IL TRIONFO DEL CINQUECENTO

04-12-2014

Il recente accostamento tra il Galateo e il nuovo codice deontologico forense proposto da Alessandro De Nicola colpisce per il suo acume. In innumerevoli modi si vede il permeare e il permanere del Cinquecento nell’Italia odierna. Il sistema impresa che poggia sull’imprenditorialità soggettiva e individualistica delle pmi e i distretti industriali richiamano l’economia delle città nel Medioevo e nel Rinascimento. Le oligarchie del potere politico ed economico incrociato echeggiano le signorie d’epoca. In questa prospettiva gli odierni artigiani del diritto sono semplicemente ulteriori fantasmi sopravvissuti alla storia. Al posto di una regolamentazione per un comparto in cui hanno interessi più stakeholder, ci si limita a fissare le regole dell’etichetta individuale.
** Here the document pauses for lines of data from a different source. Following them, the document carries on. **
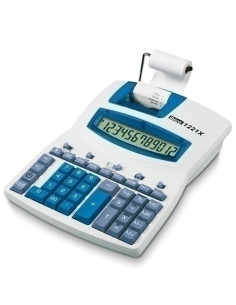 CALCULADORA IMPRESORA IBICO...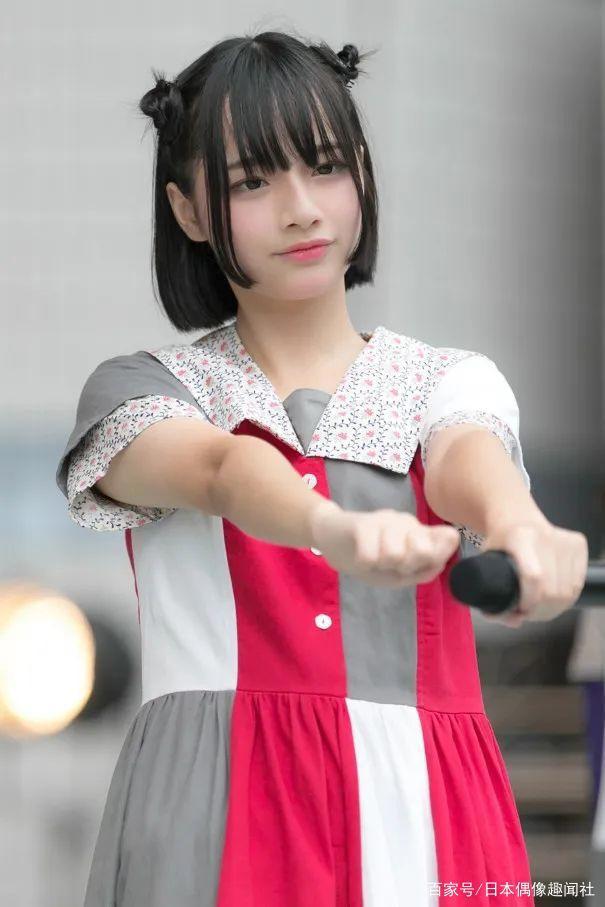 日本JK组合，男生的“梦想班级”！秋元康：大概是青春高校3年C组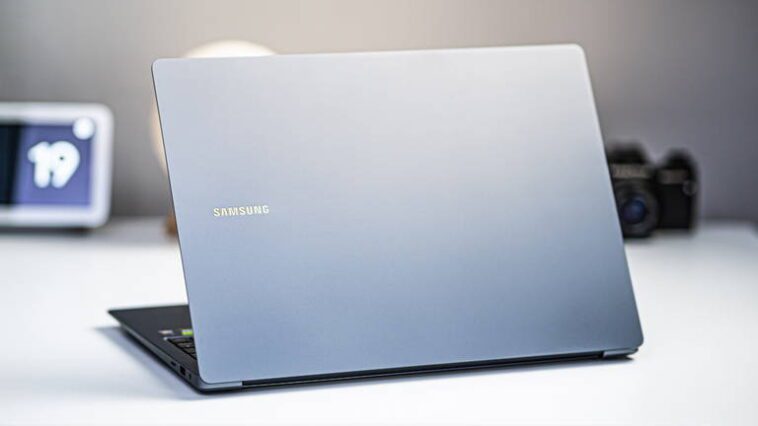 Samsung Galaxy Book4 Ultra : six mois de performance constante et batterie inépuisable 1 Samsung Galaxy Book4 Ultra: six mois de performance constante et batterie inépuisable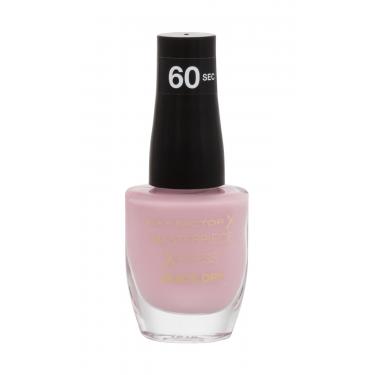 Max Factor Masterpiece Xpress Quick Dry  8Ml 210 Made Me Blush   Per Donna (Smalto Per Unghie)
E per perpetuare il proprio potere, la corporazione vorrebbe tornare all’epoca in cui il cliente si presentava in studio togliendosi il cappello e aspettando in anticamera dopo aver fissato l’appuntamento mesi in anticipo.

Tutto vero. Ma a questo progetto antistorico doveva fare da contraltare, nell’ambito degli organismi istituzionali nazionali, la promozione e diffusione della cultura dell’esercizio della professione in forma associata. Questo programma sembra ora venuto meno, colpa senz’altro dell’esclusione e del disinteresse mostrato dagli ambiti istituzionali. Eppure un avvertimento questo giornale lo aveva dato oltre due anni fa in occasione del primo TopLegal Summit. L’alternativa all’inerzia degli avvocati d’affari era quella di un’ulteriore degenerazione corporativa e il rischio di subire una riforma «dall’alto». E così si è consumato lo stravolgimento delle regole che antepongono le norme del galateo ai moderni principi della libera concorrenza.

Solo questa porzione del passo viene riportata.